Flags are everywhere.
Posts, beams, cables, spikes … eventually, all these flags will have something put in the ground where there are only flags now.
Surveyors have been out walking, consulting maps, stepping off distances, trying to make sure that drawings and plans become actual facts on the ground.
Yesterday, Monique and Danny were working their way around the rim of Center Camp, repeating the same process over and over and over again: Go to the pink and green flag, put a stake on the digging machine, slowly rotate it into the ground, adjust the sheath, put it in a little further, adjust the sheath again, then sink it so that only a loop of steel was peeking out of the dust.
Later, cables will be attached to keep the shade sturdy.
Danny is very much like a lot of people out here: He’s got another life in the default word, but more and more the Burner life and the default world are intersecting.
Earlier this year, he went to Peru in the wake of the earthquake there to help put devastated villages back together again. He’s got a variety of skills — plumbing, electricity, carpentry — so he brings a lot to the party.
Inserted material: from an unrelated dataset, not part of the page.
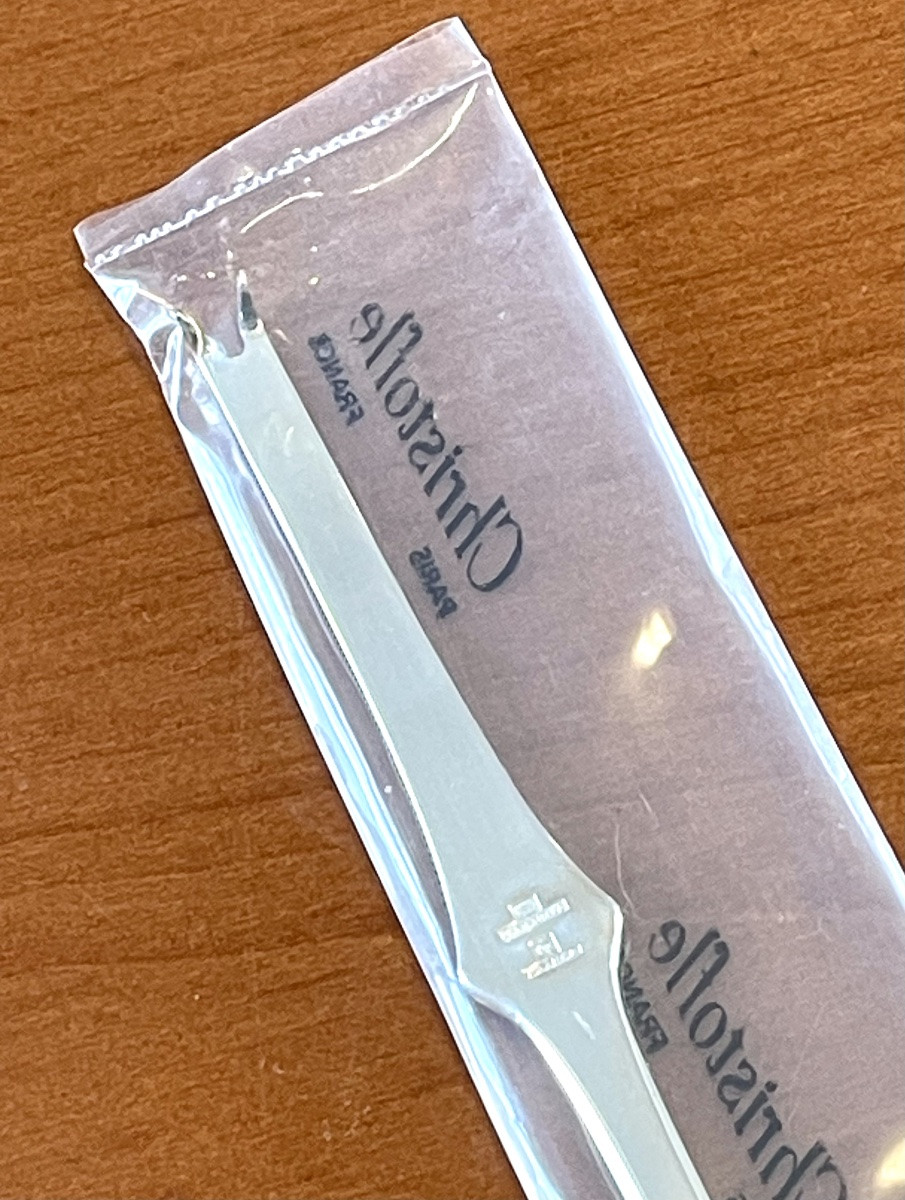 Christofle Cluny 12 curettes à homard -photo-4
He planned on spending a week helping out, then he’d spend a couple of weeks traveling around. “Two months later, I was still there,” he said.
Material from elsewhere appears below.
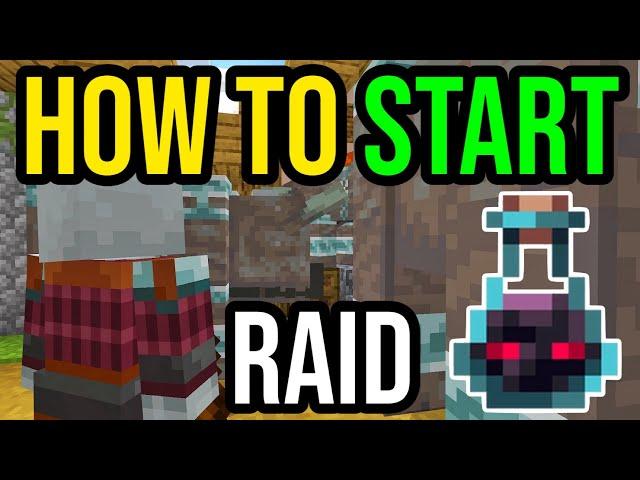 How To Start A Raid In Minecraft - Working After 1.21!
The villagers were accustomed to having water for only an hour a day, and that was before the earthquake. “But they were happy,” Danny said. “They’d just say, hey, it’s Peru.” So he and the other Burners Without Borders were building concrete tanks that would gather water, so the villagers would have water when they needed it, not just when it was running.
So how does a guy find it possible to go helping people out around the world? “I sold a software company at the right time,” Danny said.